REACHING THE OSME PATIENT COMMUNITY
The OSME clinic has been connected to essential migrant workers for decades, and that community is only growing. The agricultural industry needs 1.5 to 2 million workers to complete planting, harvesting, and processes tasks, and since farms across the country are struggling to find U.S. citizens and permanent residents to handle these critical responsibilities, migrant workers are filling the gap.
Although some of these workers are undocumented, many take advantage of a visa system meant specifically for this kind of work: the H-2A and H-2B visas. These visas have increased dramatically over the last few decades. By 2019, there were 257,667 jobs approved for H-2 visa positions by the U.S. government, with 204,791 visas issued. And 91% of those were claimed by Mexican citizens.
Many agricultural workers’ families live on the Mexican side of the border and use OSME and clinics like it for their medical needs, and the workers themselves return to the town from the U.S. for their care, as do some U.S. citizens and permanent residents of Mexican heritage.
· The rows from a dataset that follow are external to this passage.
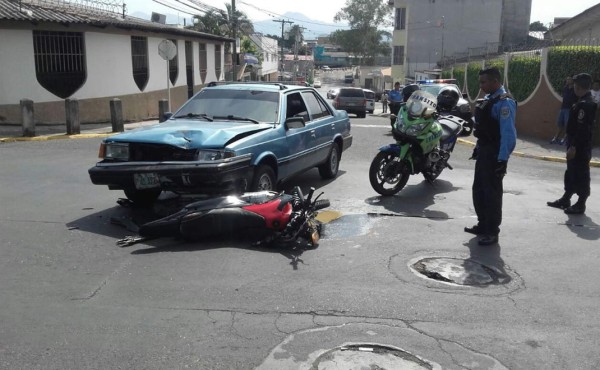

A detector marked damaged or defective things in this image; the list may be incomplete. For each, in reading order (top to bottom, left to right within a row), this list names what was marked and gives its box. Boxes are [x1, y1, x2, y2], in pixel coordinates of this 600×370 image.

damaged car hood [105, 120, 272, 148]
crashed motorcycle [366, 90, 468, 197]
crashed motorcycle [118, 186, 330, 247]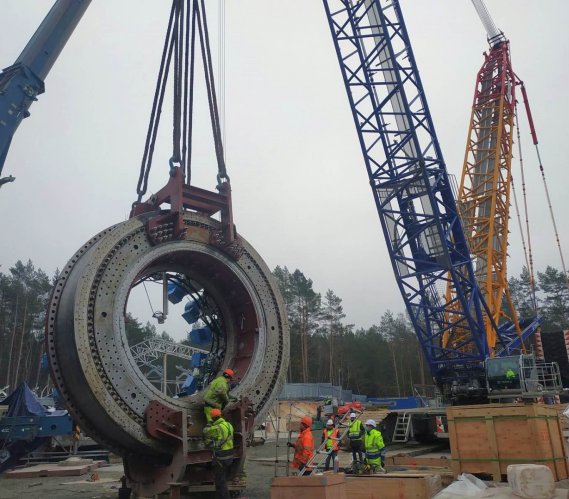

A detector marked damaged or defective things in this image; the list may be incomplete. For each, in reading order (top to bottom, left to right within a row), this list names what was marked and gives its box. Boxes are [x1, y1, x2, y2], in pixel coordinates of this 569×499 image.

rusty steel surface [45, 211, 288, 496]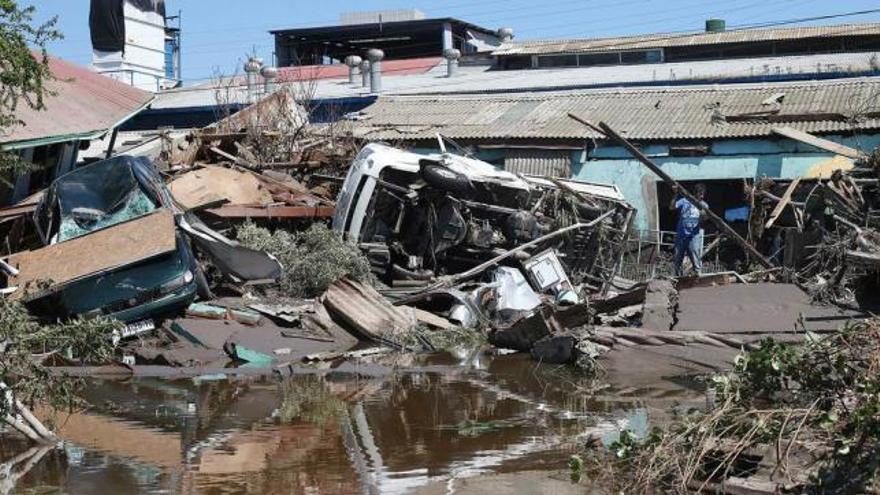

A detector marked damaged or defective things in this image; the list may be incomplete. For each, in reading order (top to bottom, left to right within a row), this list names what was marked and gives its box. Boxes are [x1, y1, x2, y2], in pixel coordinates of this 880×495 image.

wrecked vehicle [7, 157, 206, 328]
overturned white truck [330, 143, 632, 298]
wrecked vehicle [332, 142, 632, 290]
bent metal pole [568, 114, 772, 270]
In fact, while just over 200,000 visas were issued to temporary agricultural workers in 2019, there were 394,564 H-2 visa admissions across the U.S. border during that same period, demonstrating the back-and-forth nature of workers in these roles.
To incentivize workers to take on these fundamental farming tasks, agricultural enterprises are now offering medical insurance and coverage to migrant workers, and that’s been to the benefit of the OSME clinic. Today, around 75% of OSME patients are covered by either U.S. insurance companies or U.S. businesses that foot the bill for health services or procedures for their employees. For the most part, Dr. Payán and his staff work directly with insurance companies to provide this care, even running the only U.S.- insurance-connected pharmacy in the region.
A BUSINESS THAT MAKES SENSE
This insurance-focused service plan is one that holds tremendous financial potential for the clinic and provides a framework for offering excellent healthcare to the community. It’s already working for routine and urgent care, and Dr. Payán is certain it can only improve with the construction of an OSME hospital.
Ioan Cleaton-Jones, Director of healthcare delivery at WDI and a seasoned healthcare finance and management consultant, agrees. He has been working closely with both Dr. Payán’s OSME team and the team at the NADB to ensure adequate due diligence while also examining the likelihood of success for both parties. He’s optimistic about the possibilities.
“This makes sense as a business,” Cleaton-Jones explains.
Not only does the OSME clinic already run at a profit, but its plans to expand are clear and full of potential. “They’ve built their business plan around capturing more of the value chain of care for their existing insured patient market,” says Cleaton-Jones, “while also enabling their U.S. health insurance partners to expand their market, bringing more workers and their families into the insurance net. Additionally, they anticipate that there will be patients and doctors who would come from Mexicali.”
The clinic has provided decades of care to essential agricultural workers, and that community of migrant workers and their families may now have access to a hospital for care it either couldn’t get before or at reduced cost. This is thanks to Dr. Payán and his team’s devoted efforts and WDI’s expert analytical support.
Cleaton-Jones hopes WDI will continue to provide this kind of analysis to support healthcare projects, and he believes the positive business model of this OSME hospital expansion is a beacon for what’s possible.